Myth: Contraceptive Pills Cause Breast Cancer
Taking oral contraceptives or ‘the pill’ has been associated with a small increased risk of breast cancer while the woman is currently using it. The risk of being diagnosed with breast cancer for women using the ‘combined’ oral contraceptive pill increases by about 7% for every five years of use. However, this risk is reduced when the woman stops taking it.
Myth: All Breast Cancer Types Are Genetic
A person’s risk of being diagnosed with breast cancer increases if they have a close relative who has had breast cancer – on either their mother’s or father’s side – particularly if they were diagnosed under the age of 50. However, most women who develop breast cancer have no family history of the disease. The majority of breast cancer diagnoses are not linked to an inherited gene. It is estimated that 95% of Australian women are of average risk, 4% have an increased risk of breast cancer due to family history, and only 1% are at high risk due to a strong family history. Of these 1%, only half have a known gene that is likely to have been inherited from their mother of father’s side. The other half may have an inherited gene that we do not yet have a test for.
Genetic Risks for Developing Breast Cancer
- Women with one first-degree relative (parent, sibling or child) who has had breast cancer have almost two times the risk of breast cancer compared to women with no family history.
- Women with two first degree relatives who have received a breast cancer diagnosis, have almost three times the risk of developing breast cancer compared to women with no family history.
- Women with three or more first-degree relatives are almost four times as likely to be diagnosed with breast cancer.

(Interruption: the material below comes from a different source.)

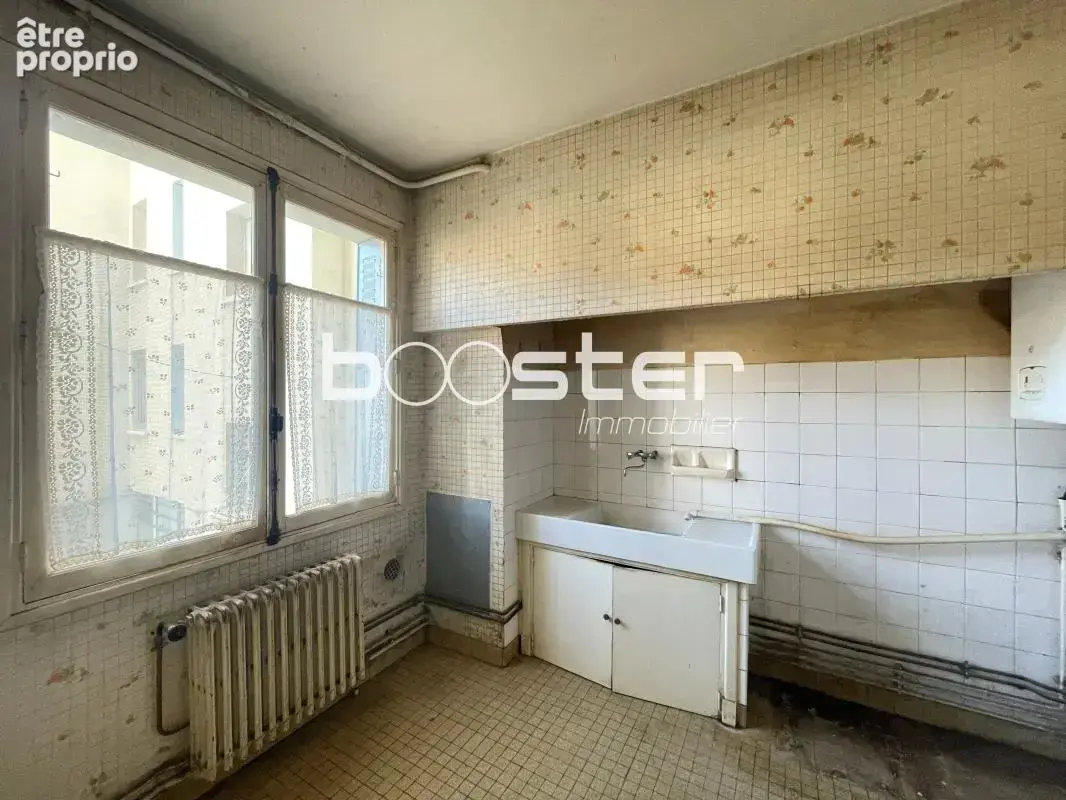 Toulouse Matabiau – Opportunité à Saisir : Spacieux T3 de 73 m² à Rénover au 1er Étage - photo 4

- If a woman has one or more second degree relatives who have received a breast cancer diagnosis (aunt, uncle, grandparent, grandchild, niece, nephew or half-sibling) they are estimated to have one and a half times the risk of being diagnosed with breast cancer compared with someone who has no family history.

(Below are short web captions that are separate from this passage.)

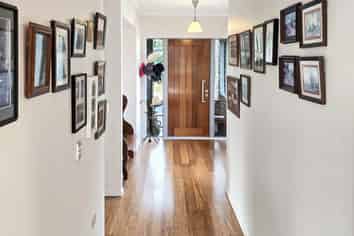 305 Parsons Road, Weston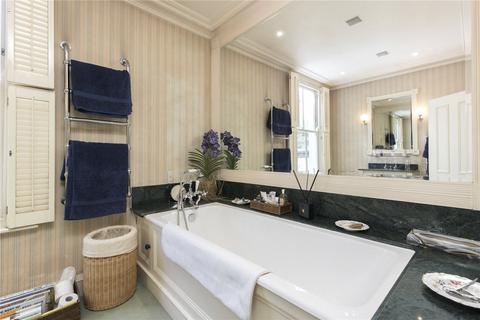 15 Rosenau Crescent, London, SW11 4RY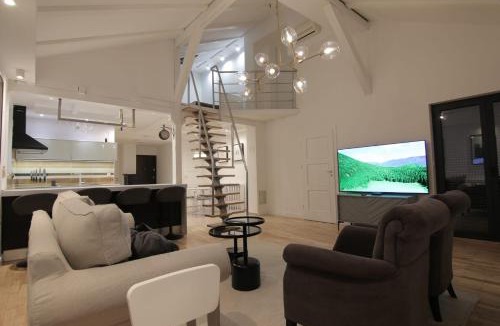 Novi Zagreb Apartment | Elite Edge Zagreb - with EV station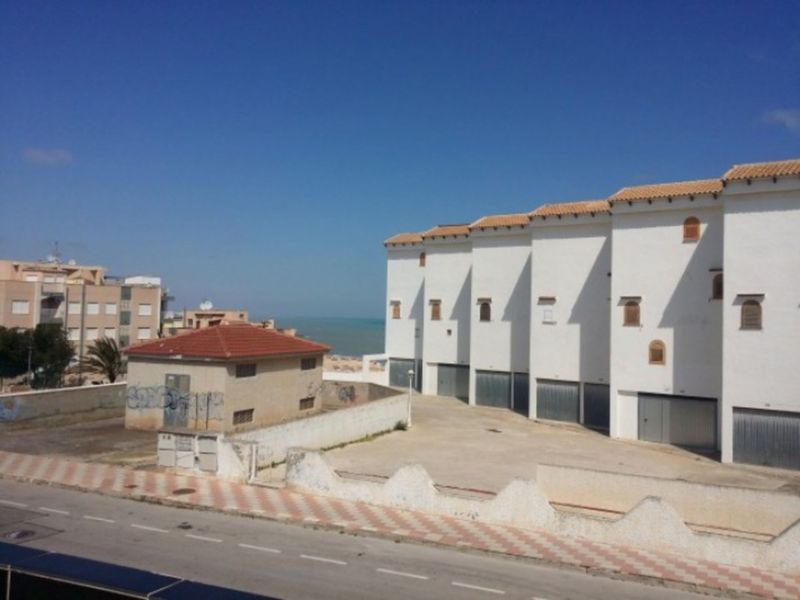 ST1095: Duplex à vendre dans Torrevieja, Alicante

As breast cancer is the most commonly diagnosed breast cancer in Australia, some women will have a family history of the disease by chance. However, some woman may have inherited a faulty or mutated gene, like BRCA1 or BRCA2, which increases the risk of cancer. Around 5-10% of breast cancers are due to an inherited gene like BRCA1 or BRCA2.
Myth: Deodorants and Antiperspirants May Cause Breast Cancer
There is no evidence that deodorants or antiperspirants cause breast cancer. This myth was perpetuated by several poor-quality studies. These studies proposed a theoretical link between deodorants and antiperspirants containing chemicals such as parabens and aluminium compounds that are applied close to where breast cancer can develop. However, a high-quality systematic review of all available studies showed there is no reliable evidence to suggest that the use of deodorants or antiperspirants increases the risk of breast cancer.
Myth: All Lumps In The Breast Are Cancerous
Most lumps in the breast are not cancerous. Most breast changes are likely to be normal or due to a benign breast condition. Some benign breast changes may need treatment, but this is not always the case. However, if you do notice a change in your breasts, you should discuss this with your GP to make sure that the changes are not something more serious. Changes to look out for include new lumps in the breast or under the arm, nipple inversion or discharge, skin thickening or swelling.
Myth: Fertility Treatments Can Cause Breast Cancer
The is no clear or conclusive evidence that hormonal treatment for infertility can cause an increased risk of breast cancer. An analysis of 20 studies found hormonal infertility treatments are not associated with an increase BC risk. There was also no increased risk found in women undergoing IVF treatment.